Thanks for this question! I'll give a short answer now and, if the same question comes up again, a longer one in the AMA.
First, I should note that I am not wedded to the idea that all of the Quran comes from the Prophet Muhammad, active in Mecca and Medina. I think the (vast) majority of the text does come from his revelatory corpus, but there is a possibility that some of the verses stem from different contexts (though I do not think this is necessarily the preferred solution).
As regards Q 37:136-137, I've always read it in tandem with other verses where the audience is told to remember and reflect on past people who did not believe and were destroyed (e.g., 7:73-96); also, the ruins/earlier living places of those by-gone peoples are told to be (rather vaguely) around the believers (Q. 14:45). I am thinking of, in particular, Hegra / Mada'in Salih, in northern Hijaz, which was (as far as I know) abandoned by the time of Muhammad. The place and its ruins would have been an imposing sight to the people (as it still is) -- in the Qur'an, it is mentioned as Thamud's place, but it and similar ruins might have also been connected to other by-gone people known from the Biblical or local lore. I do not think that Q 37:137-138 means that the Meccans would have passed, specifically, (the purported ruins of) Sodom and Gomorrah, but simply says that the people of Mecca have certainly seen ruins in, probably, Hijaz.

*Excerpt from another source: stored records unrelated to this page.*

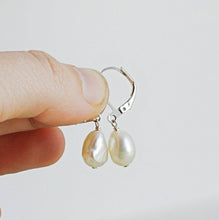Load image into Gallery viewer, White Pearl Earrings, White Pearl Drop Earrings, White Bridesmaid Earrings, White Dangle Earrings, Dainty Pearl Earrings, Freshwater Pearls
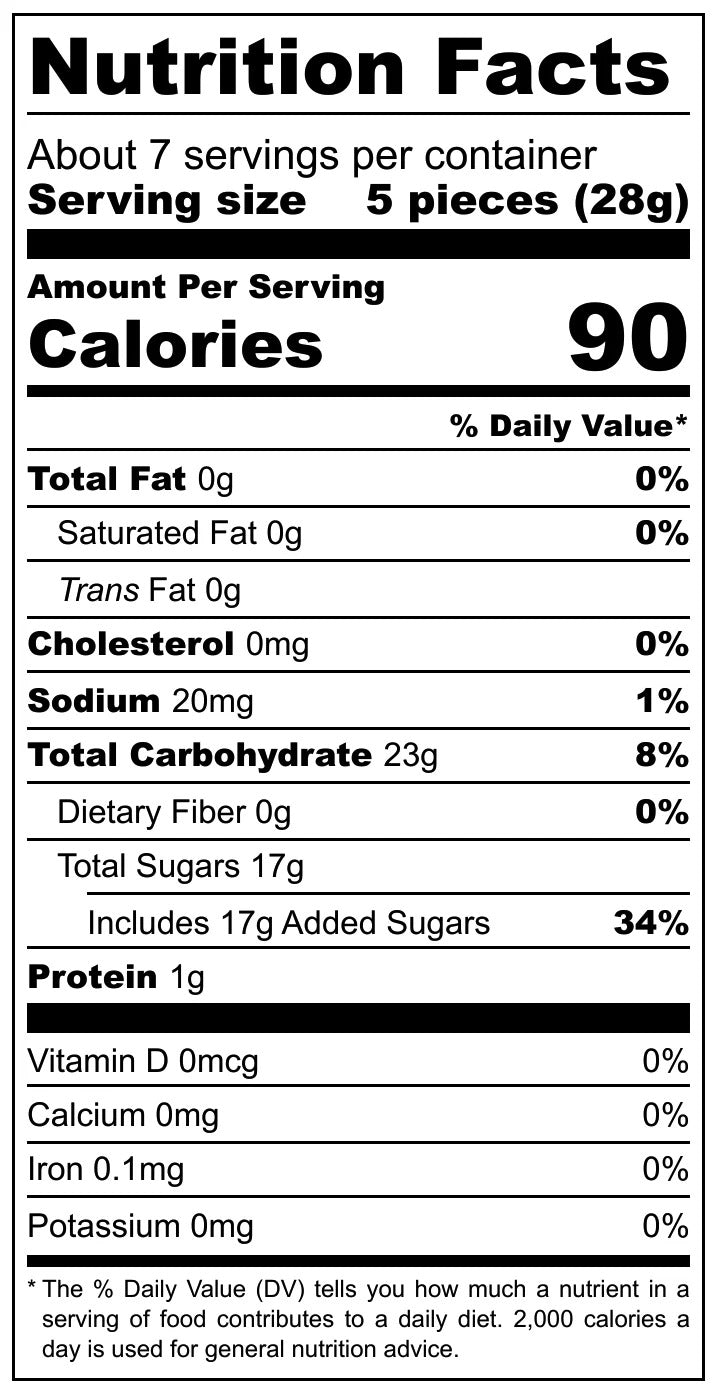 Noms - Lychee Pouch Nutrition Facts | Pop-Up Mākeke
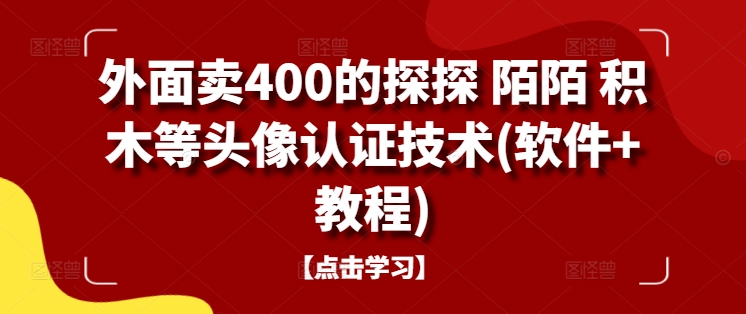 外面卖400的探探 陌陌 积木等头像认证技术(软件+教程)-简创项目网
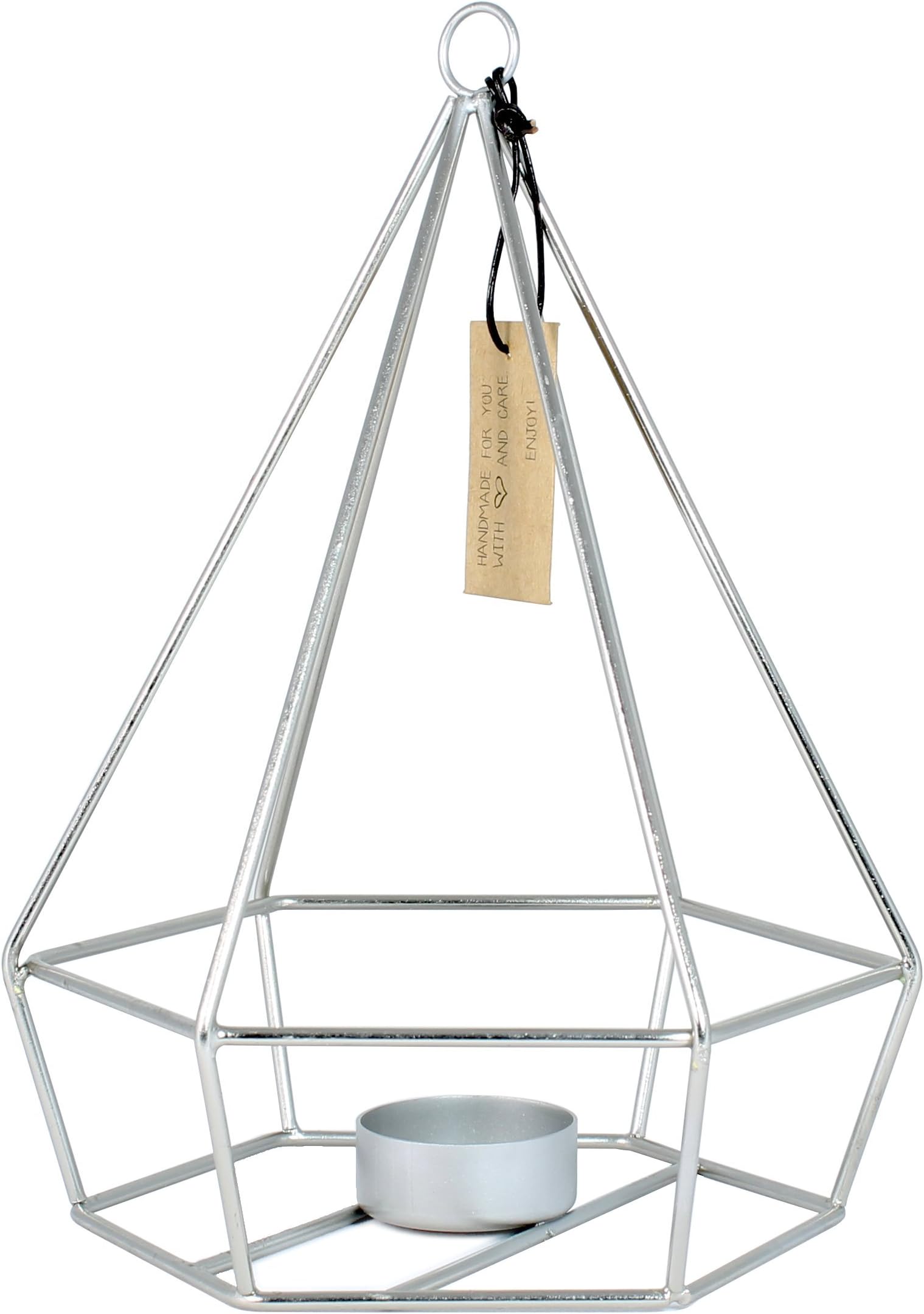 T-LIGHT HOLDERS DIAMOND shape - SILVER candle holders - 7.6 x 10.4 inch - geometric lantern candle holder - metal tea light holders - TRENDY DESIGN candle holder (7.6 x 10.4 inch, Silver)
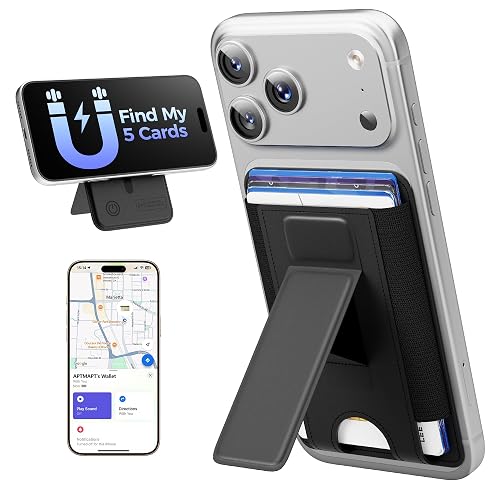 APTMAPT for MagSafe Wallet, Works with Apple Find My, 5-Card RFID Holder with Stand Also Grip, Strong Magnetic Wallet for iPhone 17/16/15/14/13/12 Pro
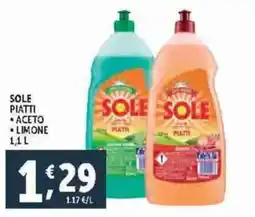 Deco Supermercati Sole piatti aceto-limone offerta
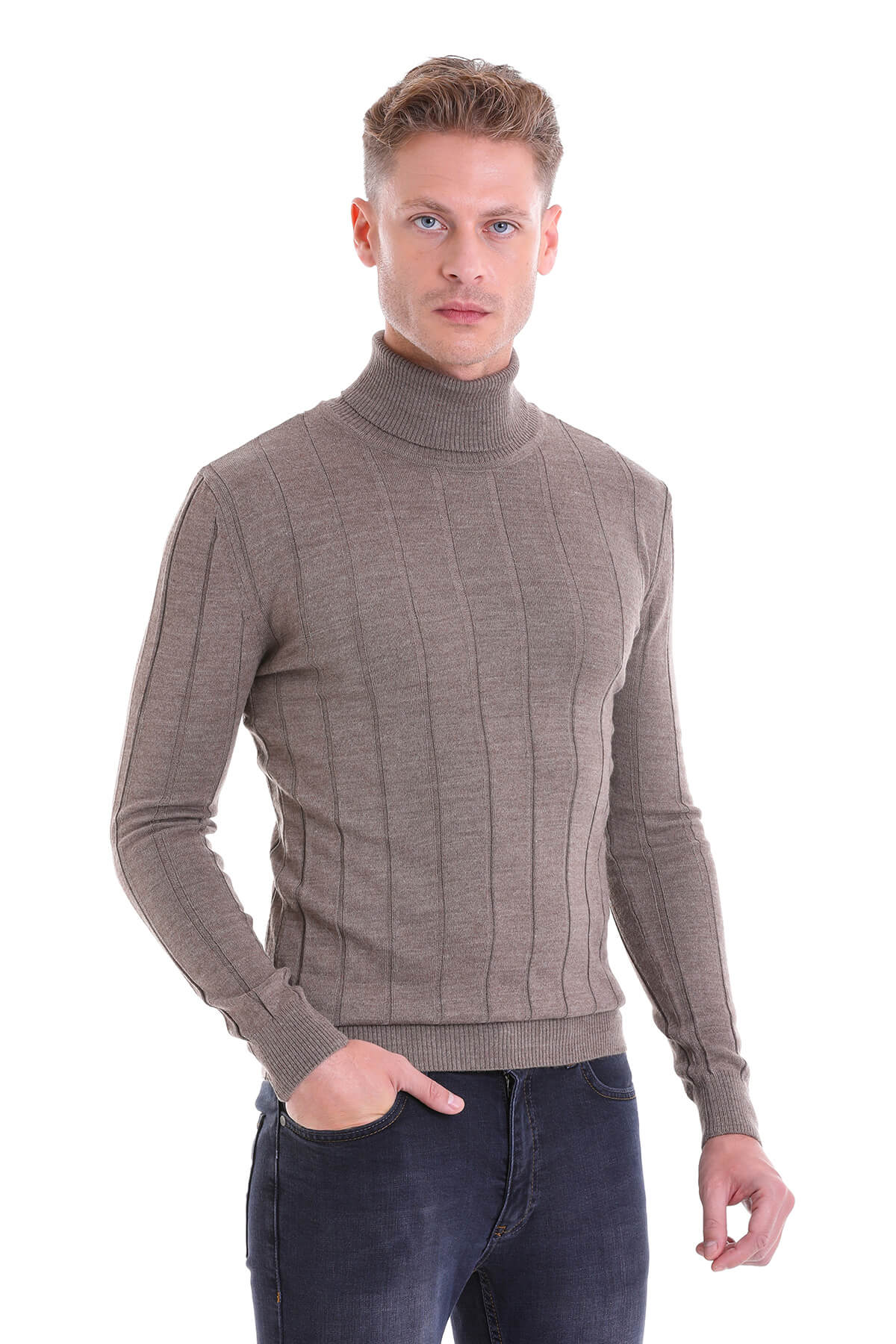 Comfort Fit Wool Blend Dark Mink Turtleneck Sweater - SAYKI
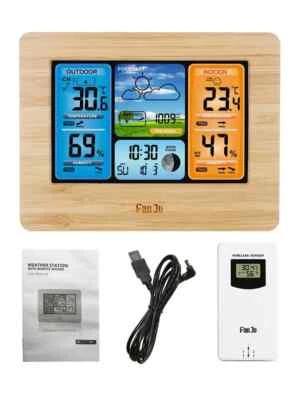 FanJu FJ3373 Funk-Wetterstation - Wood - Innen- Außenthermometer und Hygrometer - Bild 1 von 4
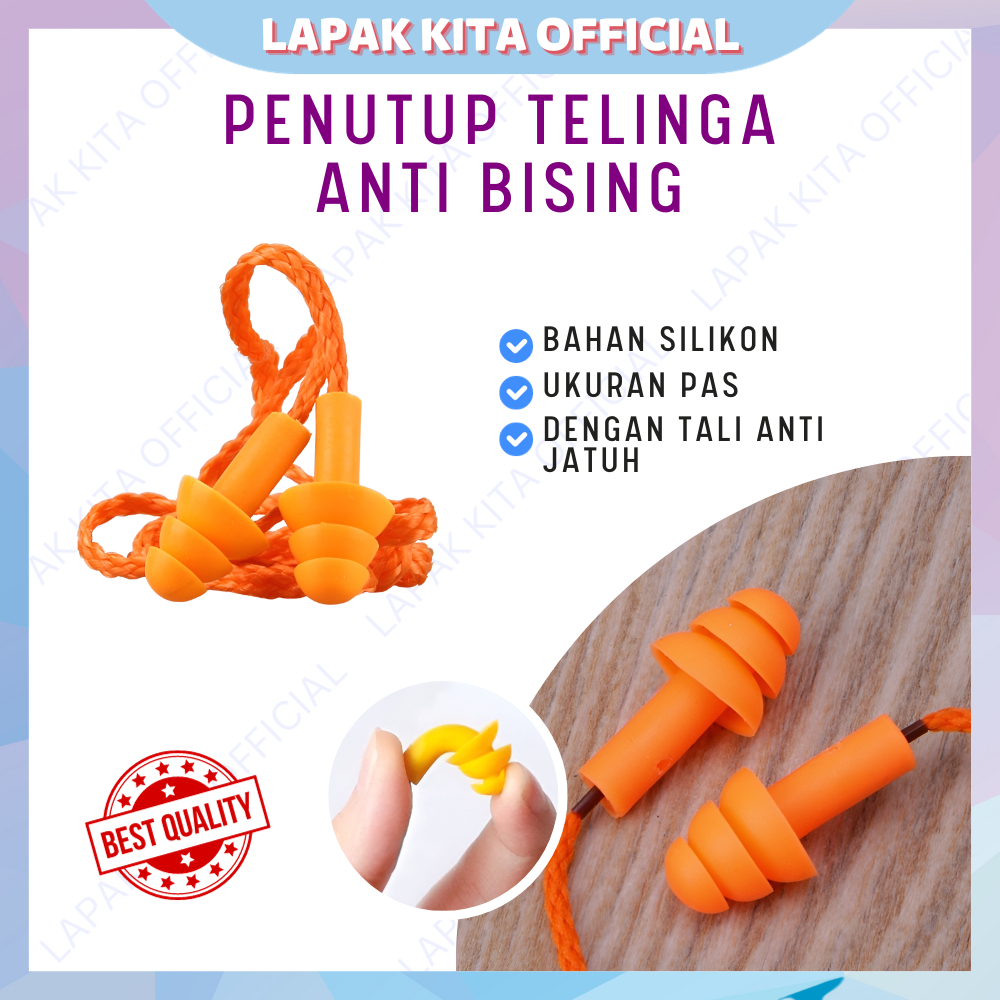 Earplug penutup peredam suara telinga sumbat anti suara bising travel size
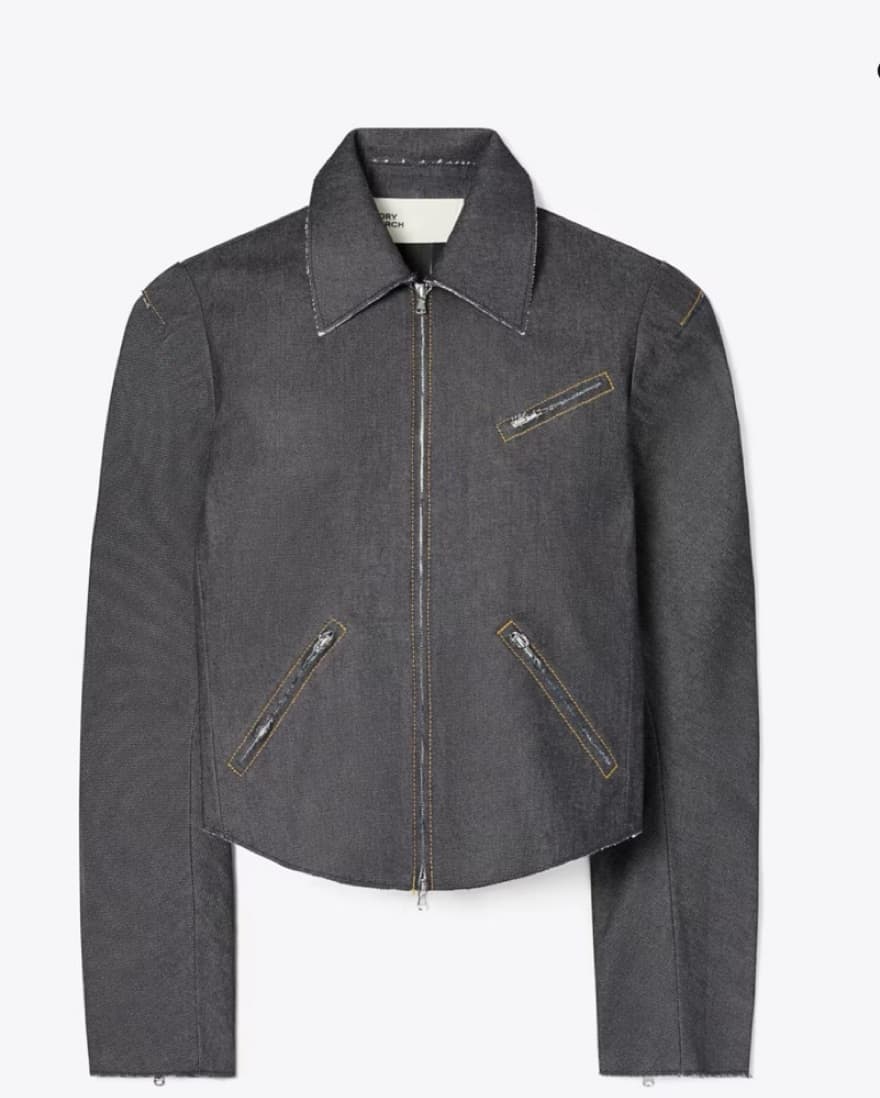Tory Burch Denim Biker Jacket - Image 2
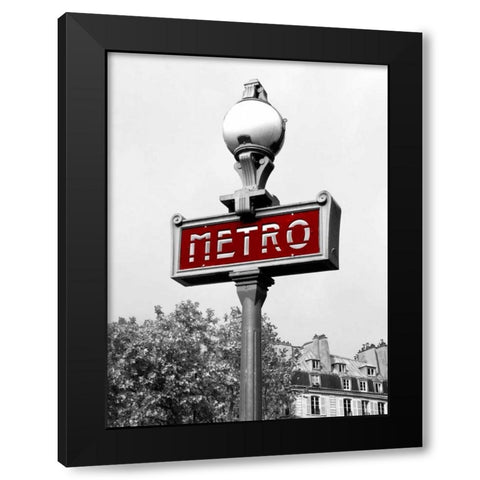 Metro in Paris Black Modern Wood Framed Art Print by Navas, Emily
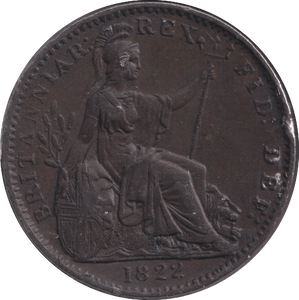 1822 FARTHING ( GVF ) - FARTHING - Cambridgeshire Coins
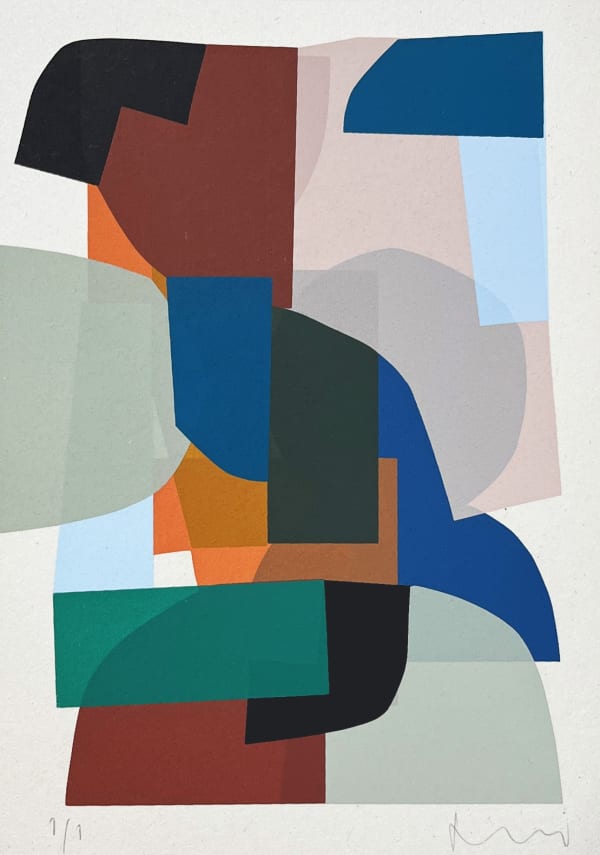 Jonathan Lawes abstract silkscreen print on finnboard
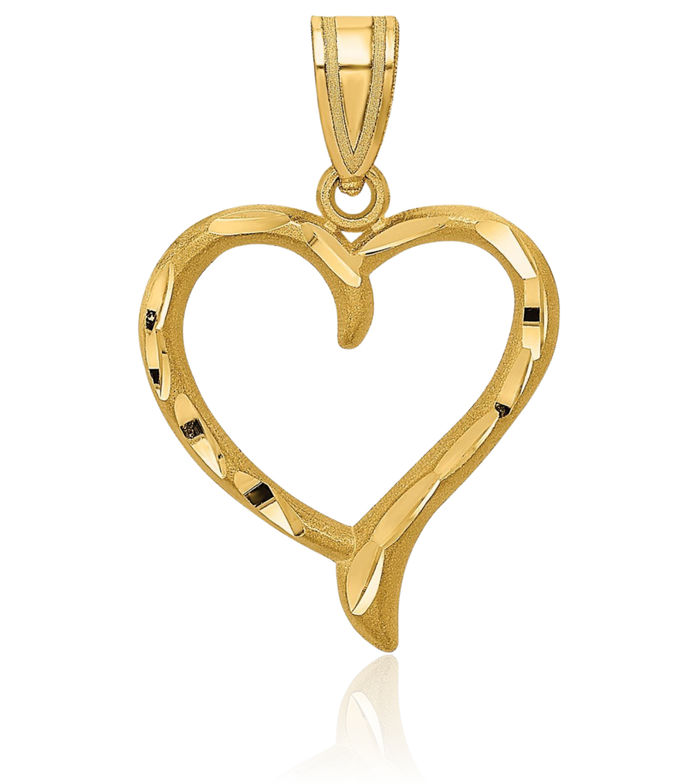 14K Solid Yellow Gold Heart Necklace Love Pendant Charm
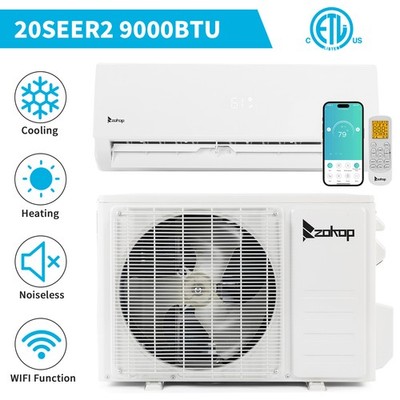 9000 BTU Wifi Enabled Mini Split Air Conditioner & Heater w/Installation Kit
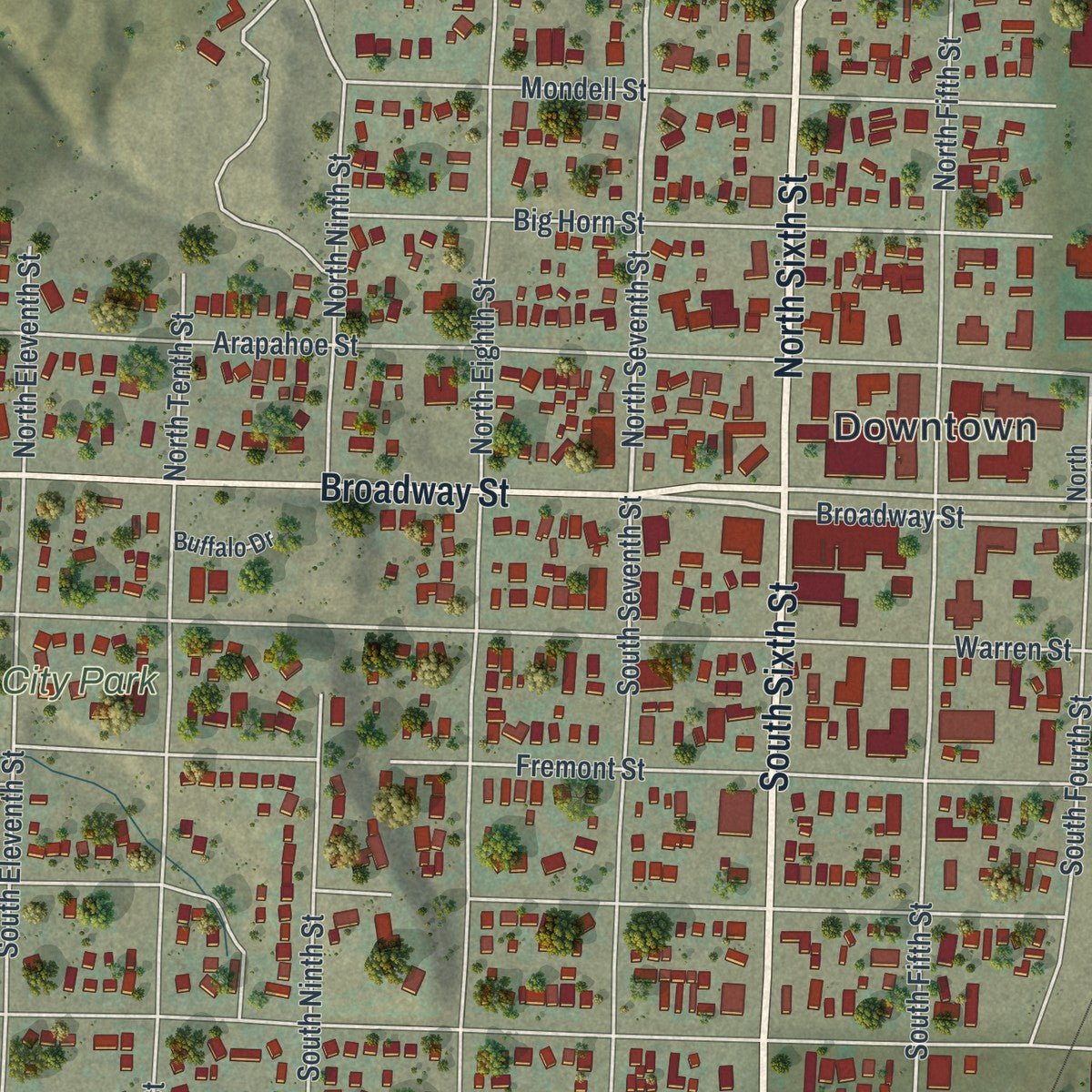 Close-up of the map of Thermopolis, Wyoming print showing street and building detail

As for agriculture in the Quran (mentioned by Crone and, following her, Shoemaker, on the basis of, e.g., Q. 36:33–34, 56:63–64, 2:261, and 6:136–45), I think it's, in fact, a red herring. Patricia Crone is one of my favourite scholars of all time, but I think she got several things wrong, this being one of them. It is quite true that agriculture is not possible in Mecca, because there's neither rain nor an oasis, but one does not have to go further than Ta'if to come to a settlement where there is enough rainfall to cultivate, at least, barley (see Miller's treatment and map). Medina, an oasis town, was famous for its palm-groves, which feature here and there in pre-Islamic poetry. In any case, produce was naturally imported to Mecca; it's not like the people there were eating sand. Olives (mentioned in a few Quranic verses) could be imported from Yemen or Syria. Unfortunately, at the moment, I do not have time to (re)read all the agriculture-related Quranic verses (might do it for the AMA if someone brings this up anew), but my sense is that most verses do not, pace Crone and Shoemaker, say that the audience of the Quranic revelations labor in fields themselves; the Quran simply notes that the audience is familiar with different types of produce, which I do not think presents much of historical problem (as discussed in the preceding), even if we suppose that those verses were proclaimed in Mecca or Medina.